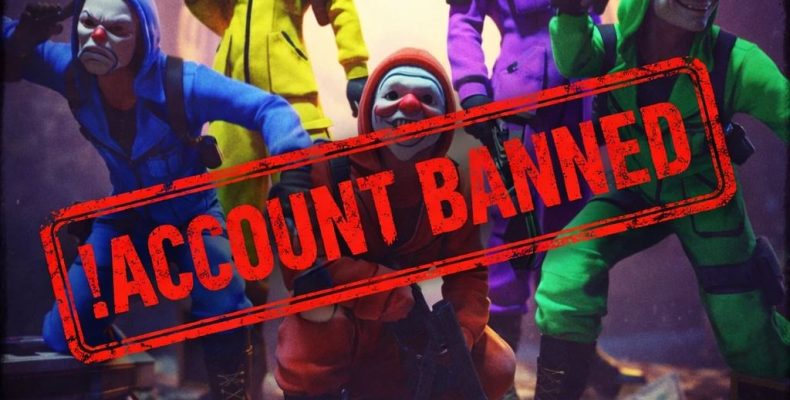 دلایل بن شدن اکانت فری فایر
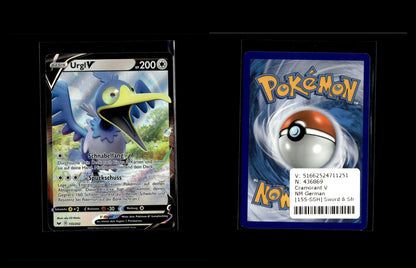 Cramorant V - Sword &amp; Shield #155 [Ultra Rare]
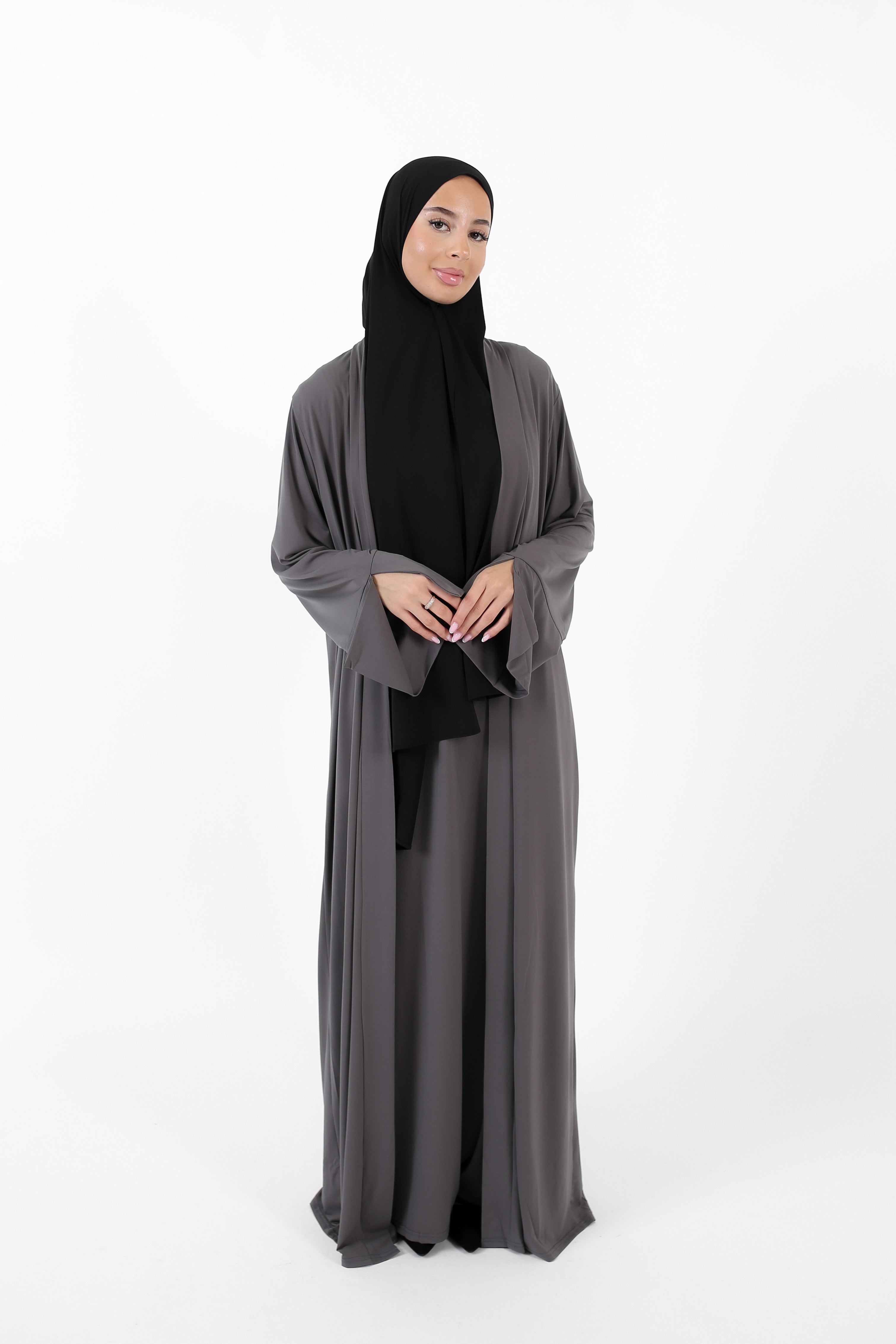 Open Abaya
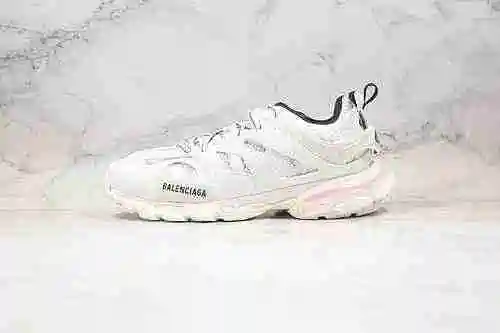 F30 | Soporte para almacenar luz blanca pura Balenciaga Sneaker Tess s.Gomma MAILLE WHITE/ORANGE/C16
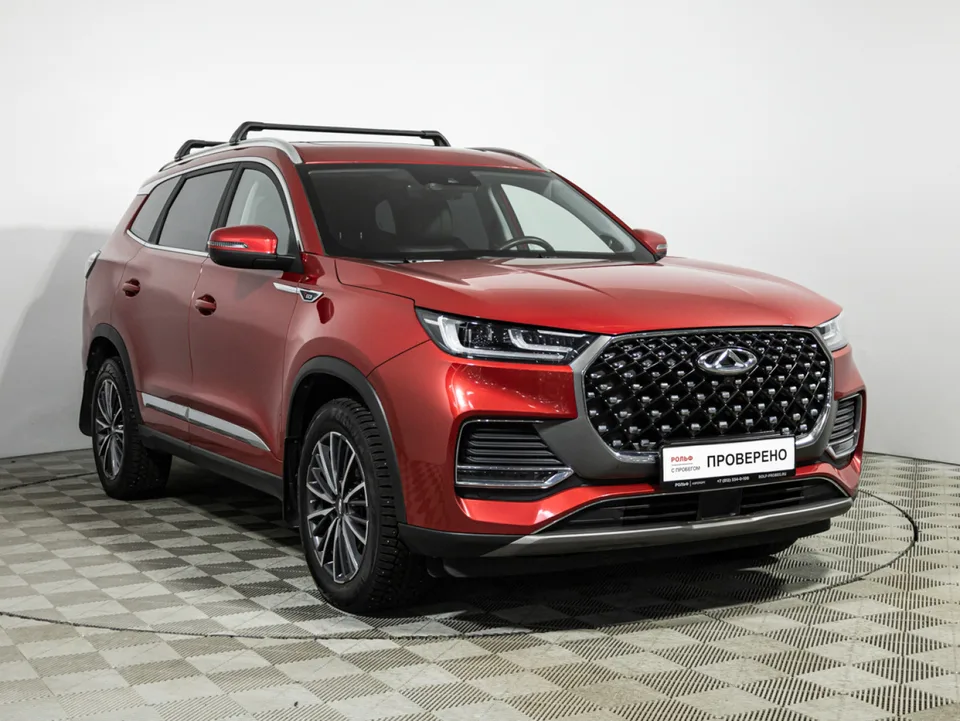 Chery Tiggo 8 Pro Max 2022 — миниатюра 3
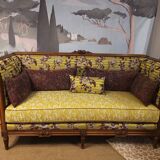 Sofa, three-seater Louis XVI style bench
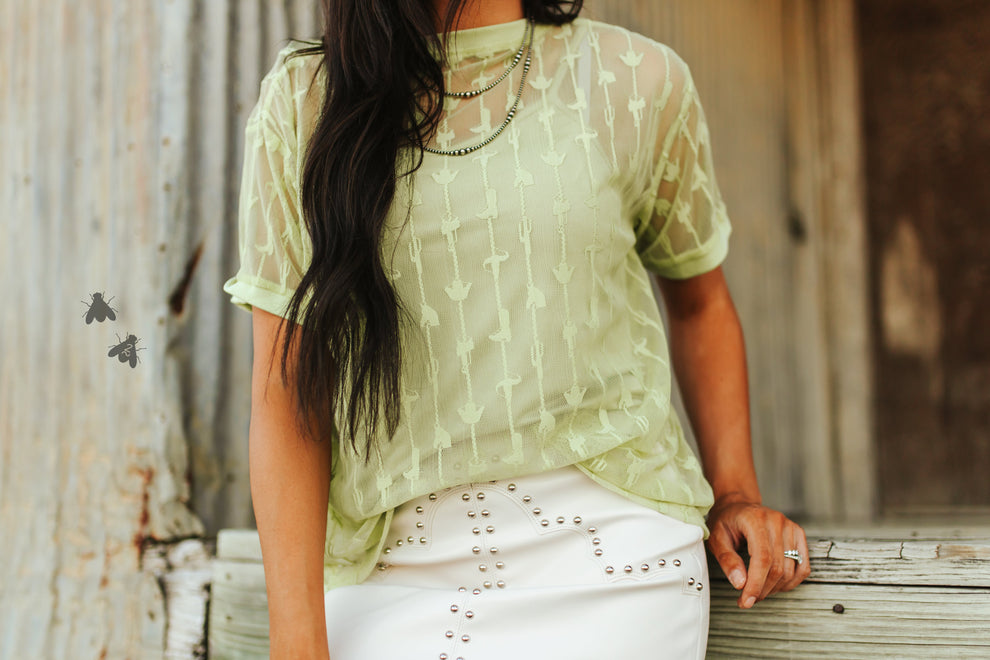 Cowtown Cute Mesh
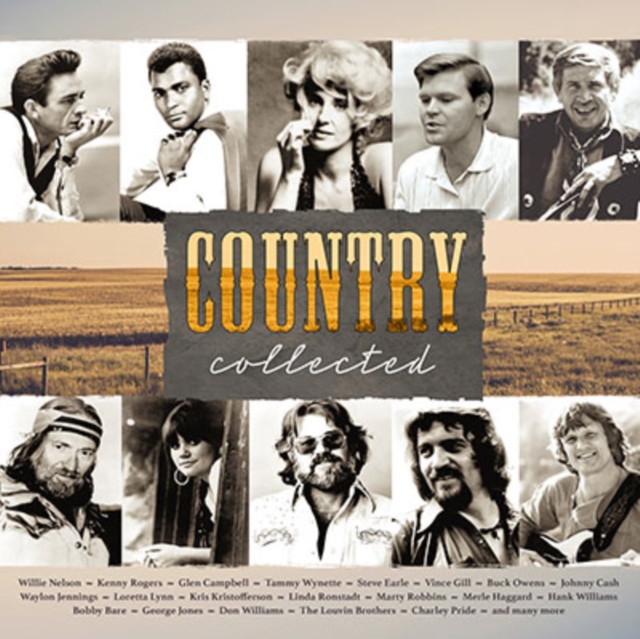 Country Collected, Vinyl / 12" Album (Clear vinyl) Vinyl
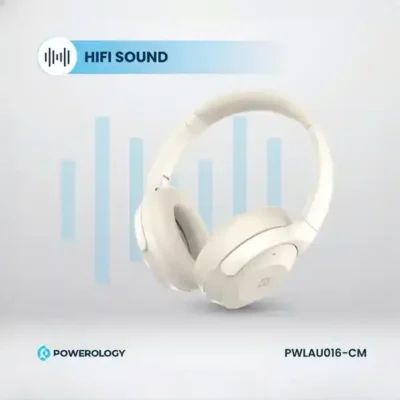 هدست بلوتوث پاورولوژی Powerology Hybrid ANC Headphone PWLAU016 6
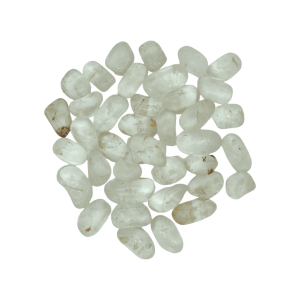 Cuarzo blanco/Cristal de roca calidad "B" #3 de 2.5cm a 3cm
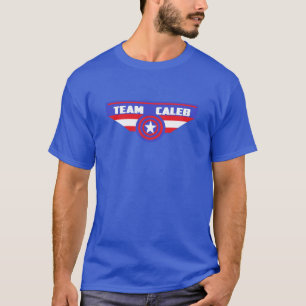 Camiseta Equipe Caleb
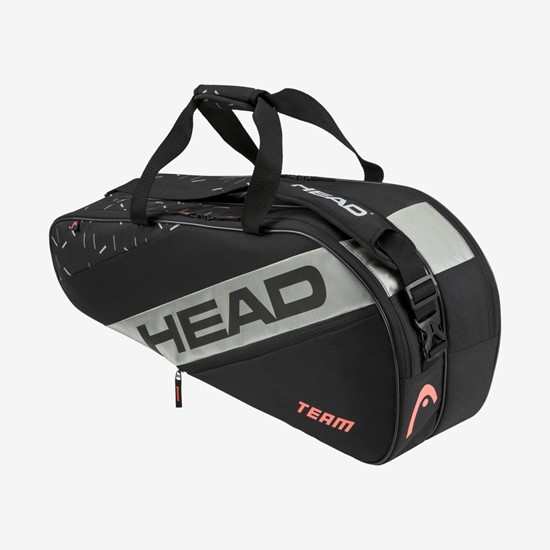 Torba tenisowa Head Team Racquet Bag M blk ceramic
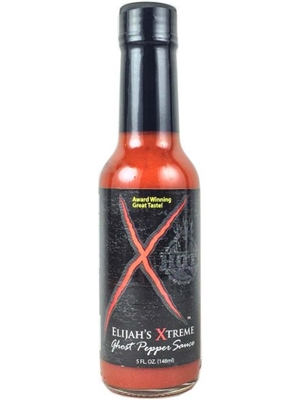 ELijah's Xtreme Ghost Pepper Sauce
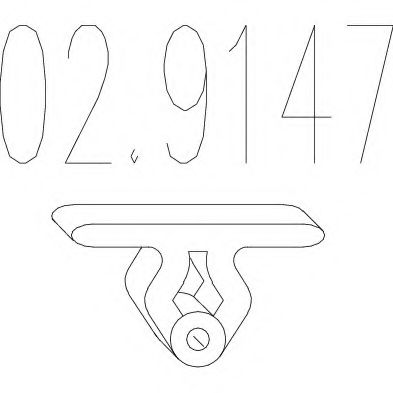 Буфер, глушитель MTS 02.9147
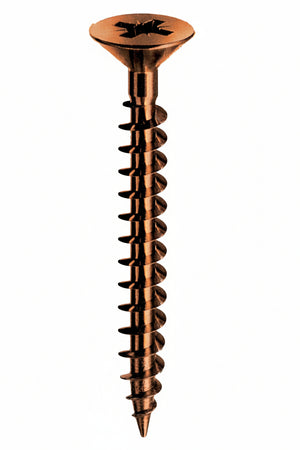 Vite Truciolare Tsp 4,5X 40Mm Bronzata Panelvit- 5,0 Centinaia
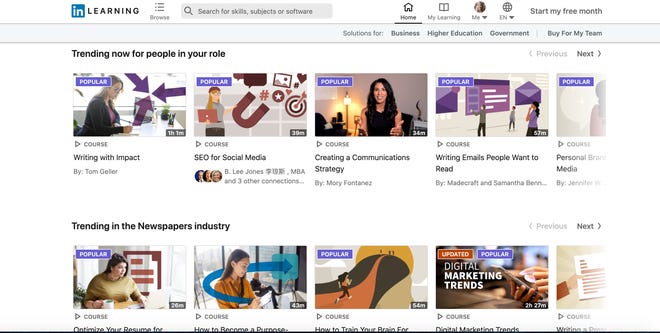One of the best sites for learning video and audio production is Lynda.com, which is now part of Linked In Learning.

* [Task] Set every entry down again word for word, but not the pictures.

* [Answer section]
 دلایل بن شدن اکانت فری فایر
 Cramorant V - Sword &amp; Shield #155 [Ultra Rare]
 Open Abaya
 F30 | Soporte para almacenar luz blanca pura Balenciaga Sneaker Tess s.Gomma MAILLE WHITE/ORANGE/C16
 Chery Tiggo 8 Pro Max 2022 — миниатюра 3
 Sofa, three-seater Louis XVI style bench
 Cowtown Cute Mesh
 Country Collected, Vinyl / 12" Album (Clear vinyl) Vinyl
 هدست بلوتوث پاورولوژی Powerology Hybrid ANC Headphone PWLAU016 6
 Cuarzo blanco/Cristal de roca calidad "B" #3 de 2.5cm a 3cm
 Camiseta Equipe Caleb
 Torba tenisowa Head Team Racquet Bag M blk ceramic
 ELijah's Xtreme Ghost Pepper Sauce
 Буфер, глушитель MTS 02.9147
 Vite Truciolare Tsp 4,5X 40Mm Bronzata Panelvit- 5,0 Centinaia
One of the best sites for learning video and audio production is Lynda.com, which is now part of Linked In Learning.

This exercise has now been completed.